Leider erinnere ich mich an sehr wenig, weder an das Haus, noch die Umgebung, noch an Unternehmungen oder Spaziergänge - gar nichts - bis auf ein paar "Fetzen", die ich hier erzähle. Ich wollte gerne noch einmal zurück und habe meine Mutter in der Zeit danach immer mal gefragt, ob das nicht gehen würde. Aber ein zweites Mal war wohl nicht geplant. Der Aufenthalt war für mich positiv, ohne Wenn und Aber. Ich denke, dass ich trotzdem nach der Kur nicht mehr dieselbe war, sondern bereits ein ganzes Stück abgenabelt.
Ich erinnere mich nicht an die Rückfahrt nach hause.

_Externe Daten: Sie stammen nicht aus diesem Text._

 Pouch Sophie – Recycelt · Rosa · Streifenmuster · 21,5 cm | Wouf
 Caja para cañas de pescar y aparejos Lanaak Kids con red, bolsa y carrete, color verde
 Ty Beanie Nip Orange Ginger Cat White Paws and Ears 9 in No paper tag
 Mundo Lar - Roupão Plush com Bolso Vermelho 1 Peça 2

Auch hatte ich eine Freundin gefunden, mit der ich noch einige Jahre Briefe ausgetauscht habe, die etwas älter war als ich und die mich später über Facebook wieder ausfindig gemacht hat : ) ... Ich meine, dass sie sich etwas um mich gekümmert hat - zumindest habe ich eine solche Ahnung.
Wir durften nach Haus schreiben, vielleicht wurden die Zeilen überprüft, ich habe das nicht so empfunden. Ich erhielt auch Post von zuhause - einmal sogar ein Päckchen von einer Oma.

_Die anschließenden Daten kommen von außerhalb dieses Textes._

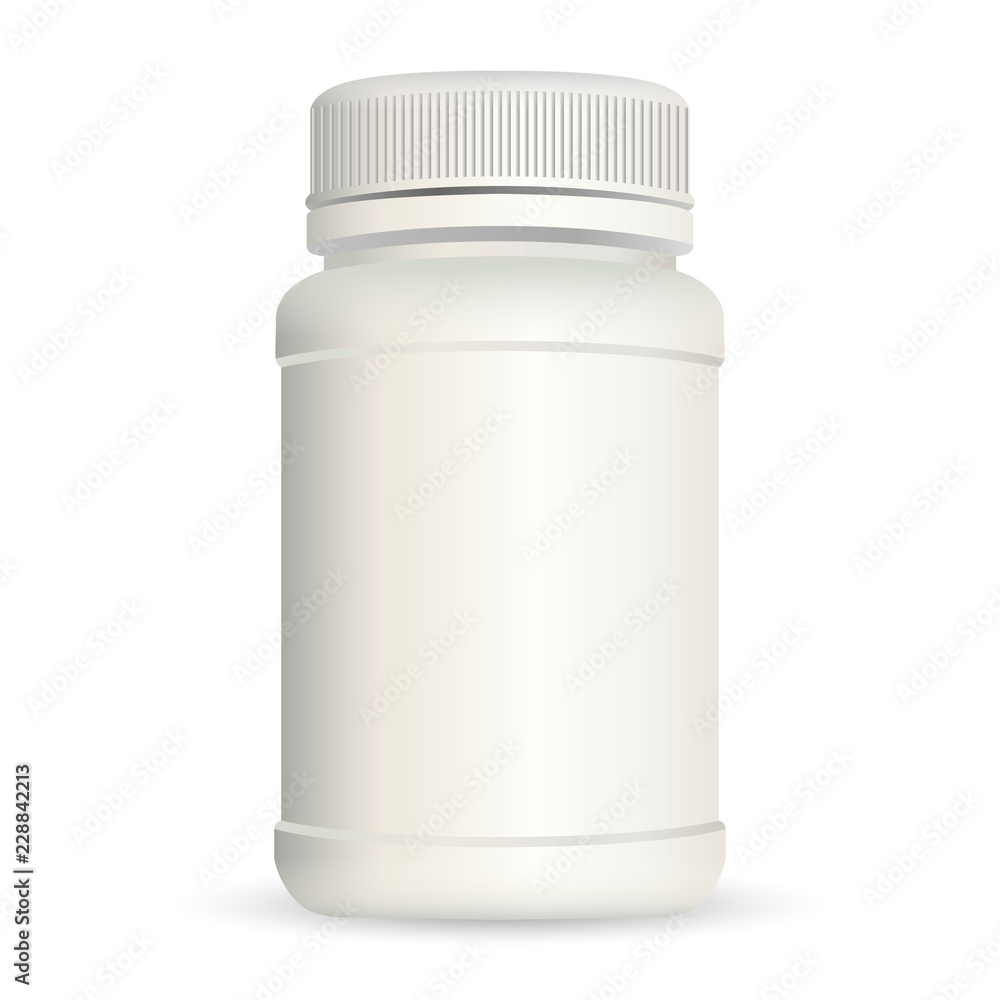 Realistic plastic bottle for medicine isolated on background. Mock Up Milk White Template. Vector EPS10 illustration. Realistic plastic bottle for medicine isolated on background. Mock Up Milk White Template. Vector EPS10 illustration.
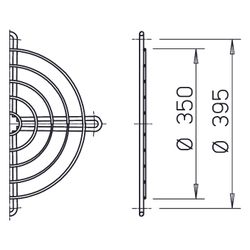 Helios SG 355 Schutzgitter zu Rohrflansch DN 355, kunststoffbeschichtet, Silbermetallic... HELIOS-01238 4010184012382 (Abb. 1)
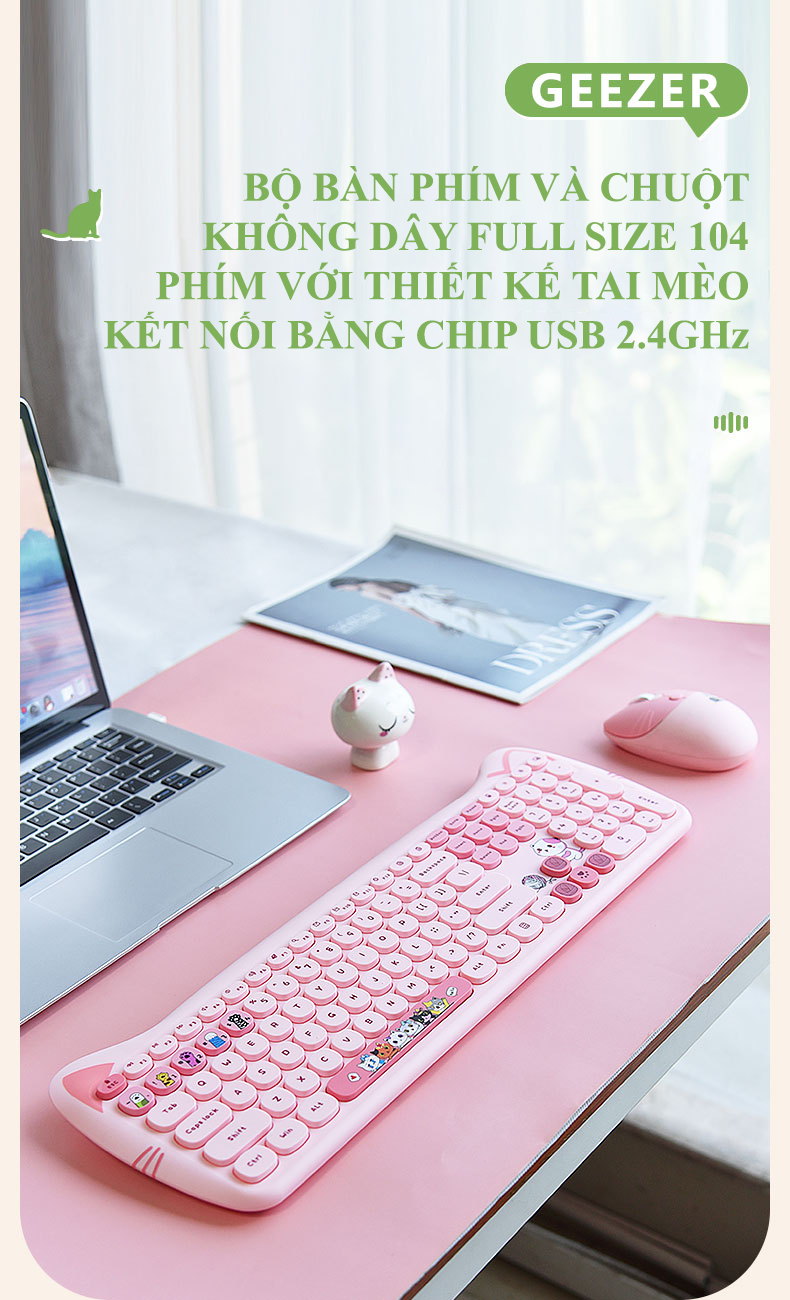 Bộ bàn phím và chuột không dây MOFII KITTY PLUS full size 104 phím với hình dáng tai mèo dễ thương kết nối bằng chip USB - HÀNG CHÍNH HÃNG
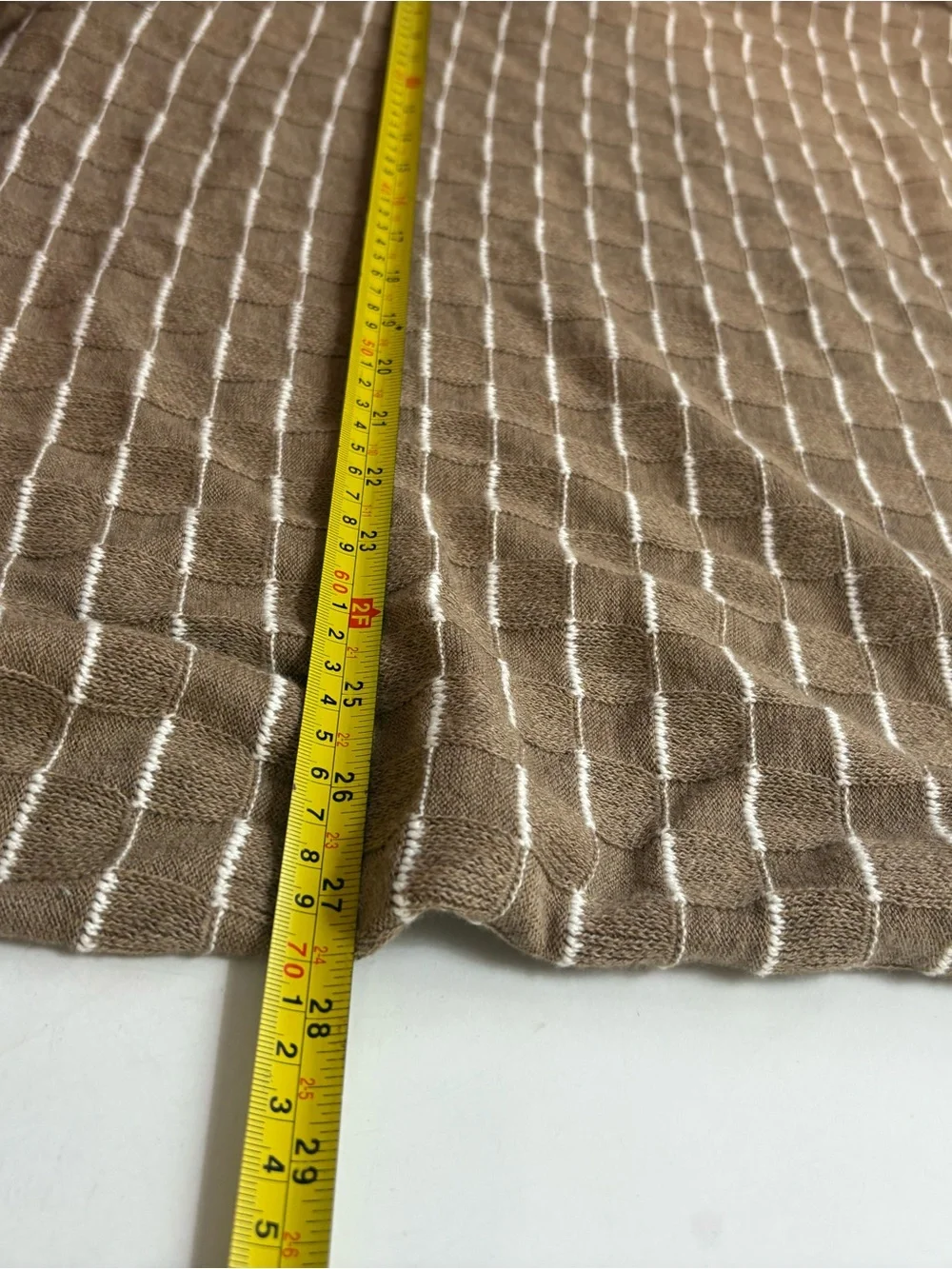 Cozy Camel Striped Knit Sweater 100% NATURAL COTTON!Thin-Light-Weight. Exc Cond!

Die negativen Geschichten über Verschickungskinder haben mich sehr betroffen gemacht und ich bin dankbar, dass mir nichts dergleichen widerfahren ist, sondern wir damals mit dem Personal dort offensichtlich großes Glück hatten. Ich erinnere mich nicht daran, dass Kinder bestraft wurden oder geweint haben.
Ich habe vor einiger Zeit recherchiert und herausgefunden, dass eine liebe Schwester die Leitung zu dieser Zeit innehatte - zumindest hieß es in einem Nachruf so - Leider habe ich diese Quelle nun nicht mehr gefunden - Schade . Das Kindererholungsheim besteht heute nicht mehr. Ich wäre heute gerne einmal dorthin gefahren, um zu sehen, ob ich mich an irgendetwas weiteres erinnern kann.